··· Material provided ···

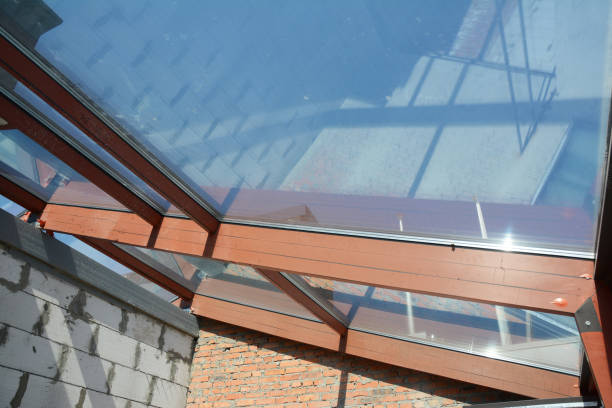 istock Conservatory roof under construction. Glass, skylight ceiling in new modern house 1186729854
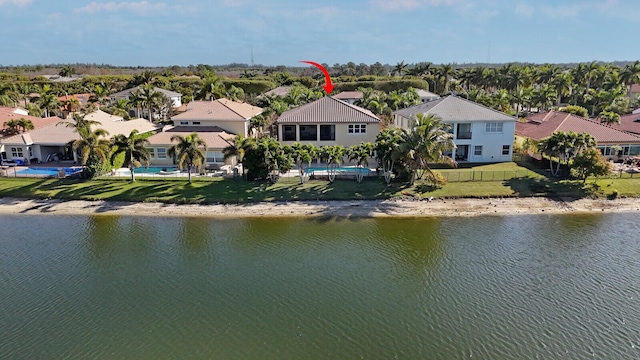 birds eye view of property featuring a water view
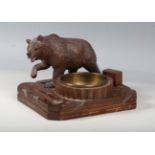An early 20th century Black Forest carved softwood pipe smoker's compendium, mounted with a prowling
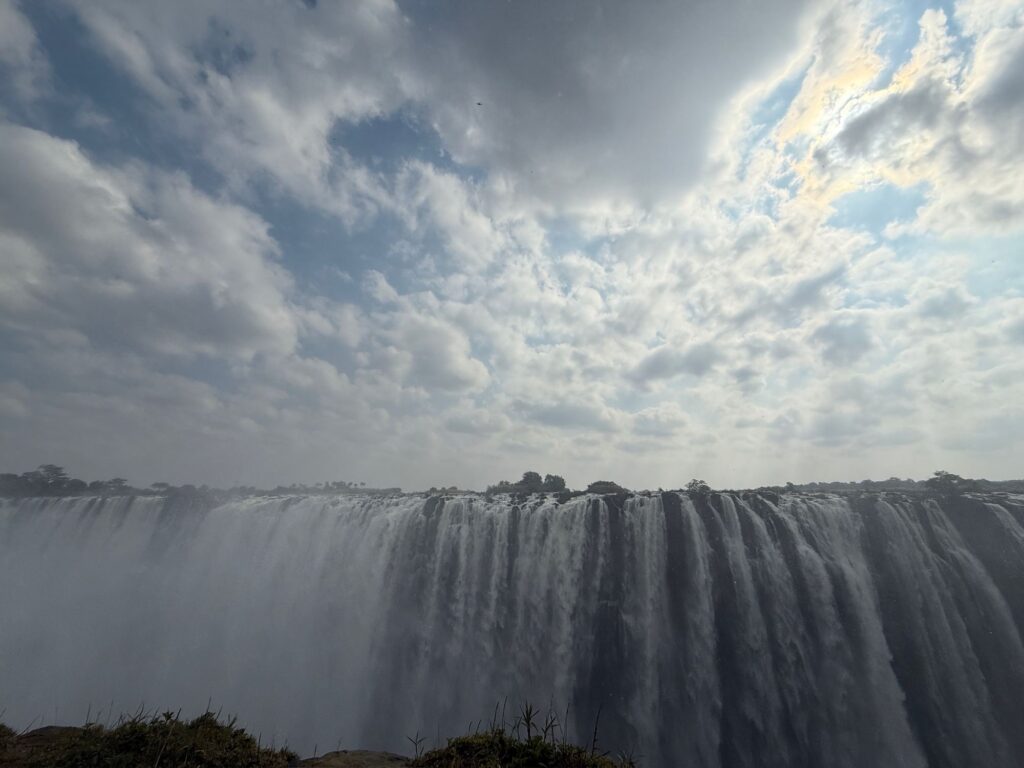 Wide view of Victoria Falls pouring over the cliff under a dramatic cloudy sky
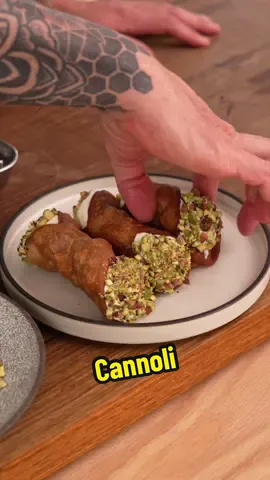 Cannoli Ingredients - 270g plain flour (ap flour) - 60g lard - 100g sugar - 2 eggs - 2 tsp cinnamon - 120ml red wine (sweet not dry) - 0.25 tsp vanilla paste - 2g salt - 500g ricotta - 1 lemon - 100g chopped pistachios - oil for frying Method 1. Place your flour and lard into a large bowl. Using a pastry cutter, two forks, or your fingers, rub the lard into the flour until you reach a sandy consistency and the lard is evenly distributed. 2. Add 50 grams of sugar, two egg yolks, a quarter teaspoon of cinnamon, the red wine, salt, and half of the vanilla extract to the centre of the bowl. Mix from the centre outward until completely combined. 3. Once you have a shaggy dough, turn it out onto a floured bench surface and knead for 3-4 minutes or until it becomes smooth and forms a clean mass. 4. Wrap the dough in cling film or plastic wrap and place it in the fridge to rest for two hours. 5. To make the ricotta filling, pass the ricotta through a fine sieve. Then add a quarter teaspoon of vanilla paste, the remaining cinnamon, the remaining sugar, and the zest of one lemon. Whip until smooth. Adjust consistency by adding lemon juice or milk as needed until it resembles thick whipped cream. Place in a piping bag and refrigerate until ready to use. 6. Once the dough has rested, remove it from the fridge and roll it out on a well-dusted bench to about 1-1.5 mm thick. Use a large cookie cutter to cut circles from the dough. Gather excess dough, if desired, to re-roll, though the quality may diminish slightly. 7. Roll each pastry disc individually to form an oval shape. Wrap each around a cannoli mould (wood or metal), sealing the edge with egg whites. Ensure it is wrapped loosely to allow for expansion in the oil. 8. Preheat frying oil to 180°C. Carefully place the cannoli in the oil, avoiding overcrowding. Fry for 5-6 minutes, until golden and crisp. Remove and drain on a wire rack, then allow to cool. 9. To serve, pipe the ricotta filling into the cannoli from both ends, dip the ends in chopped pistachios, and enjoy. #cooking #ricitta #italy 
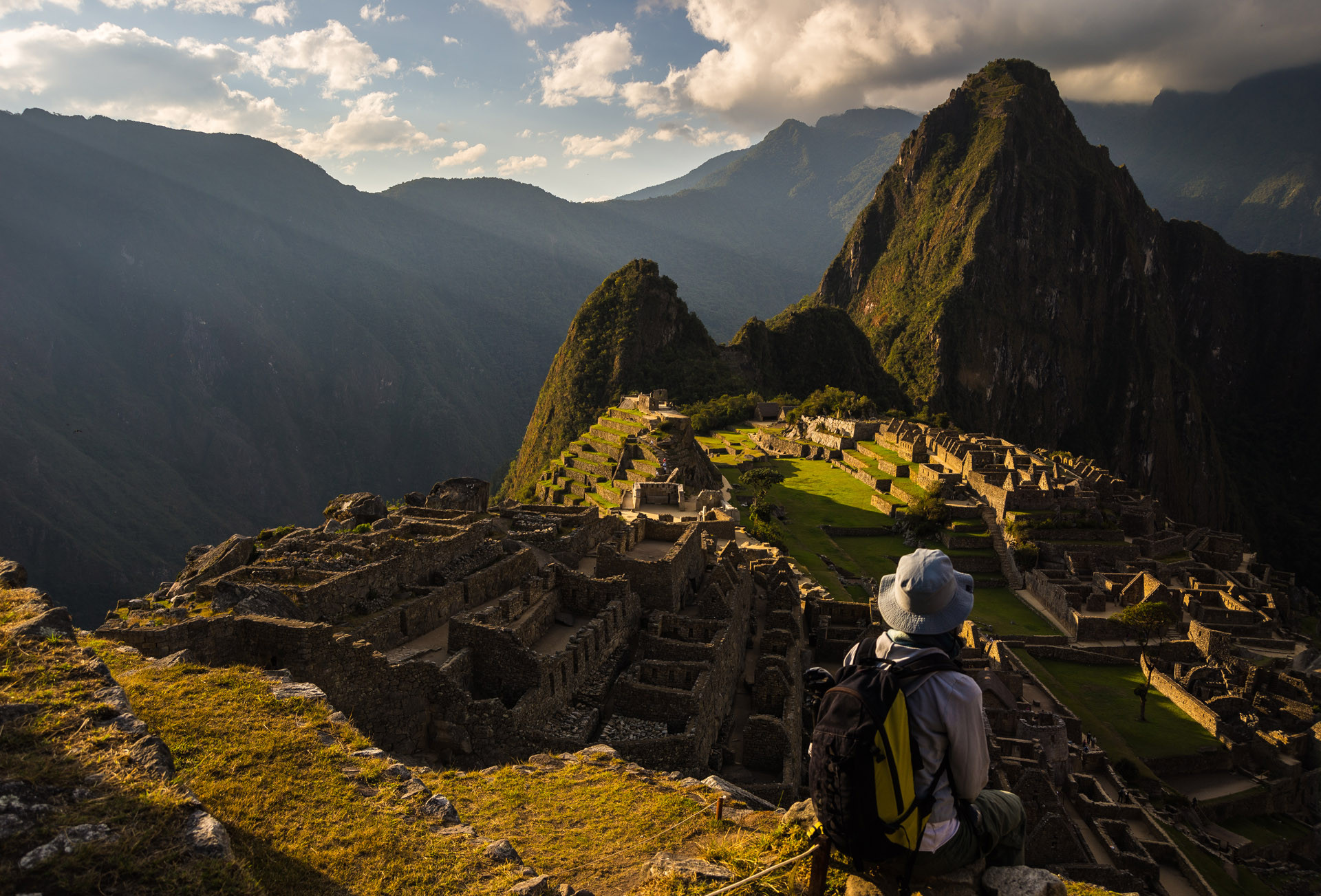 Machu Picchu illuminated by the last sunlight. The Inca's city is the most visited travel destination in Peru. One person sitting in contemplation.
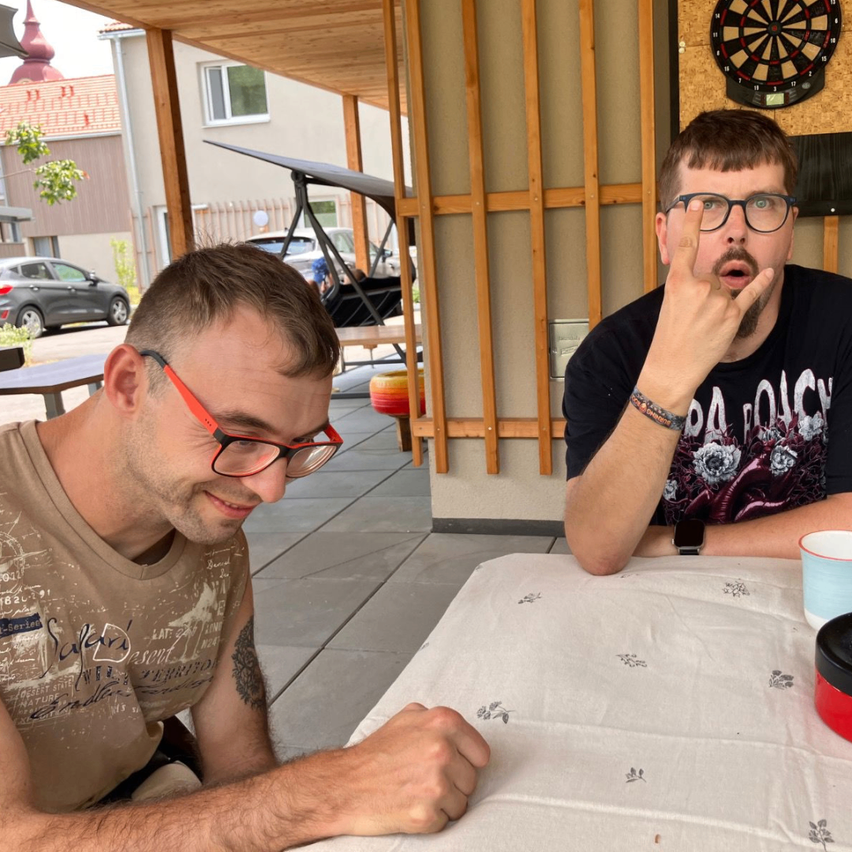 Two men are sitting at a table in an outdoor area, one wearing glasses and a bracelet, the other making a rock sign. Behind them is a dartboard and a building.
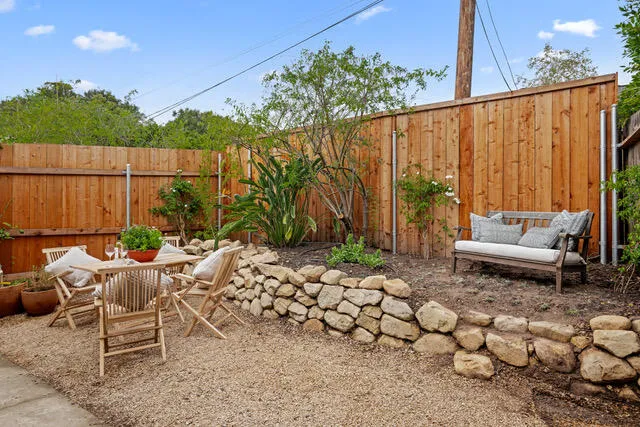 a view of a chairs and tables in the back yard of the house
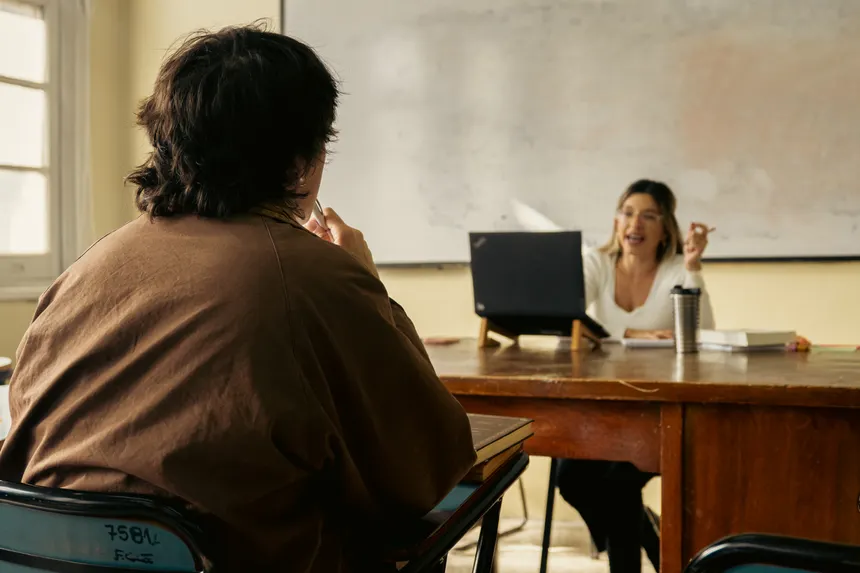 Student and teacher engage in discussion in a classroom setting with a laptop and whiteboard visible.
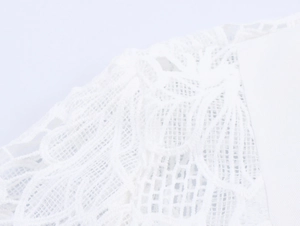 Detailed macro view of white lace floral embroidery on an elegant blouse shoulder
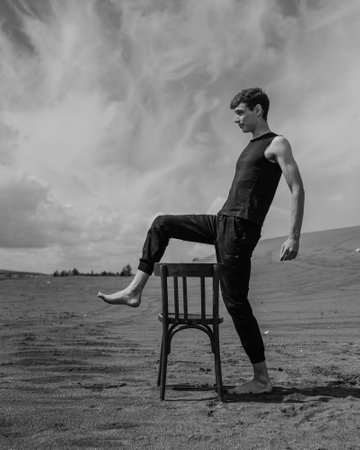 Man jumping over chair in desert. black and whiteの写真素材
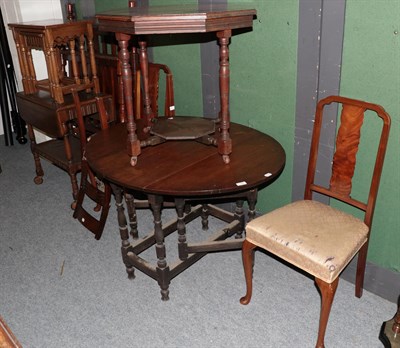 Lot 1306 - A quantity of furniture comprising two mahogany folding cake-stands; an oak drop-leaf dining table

···

About this exercise:
From the line with "a view of a" down to the final line of the entries above, repeat each line exactly; omit the pictures.

Completed exercise:
 a view of a chairs and tables in the back yard of the house
 Student and teacher engage in discussion in a classroom setting with a laptop and whiteboard visible.
 Detailed macro view of white lace floral embroidery on an elegant blouse shoulder
 Man jumping over chair in desert. black and whiteの写真素材
 Lot 1306 - A quantity of furniture comprising two mahogany folding cake-stands; an oak drop-leaf dining table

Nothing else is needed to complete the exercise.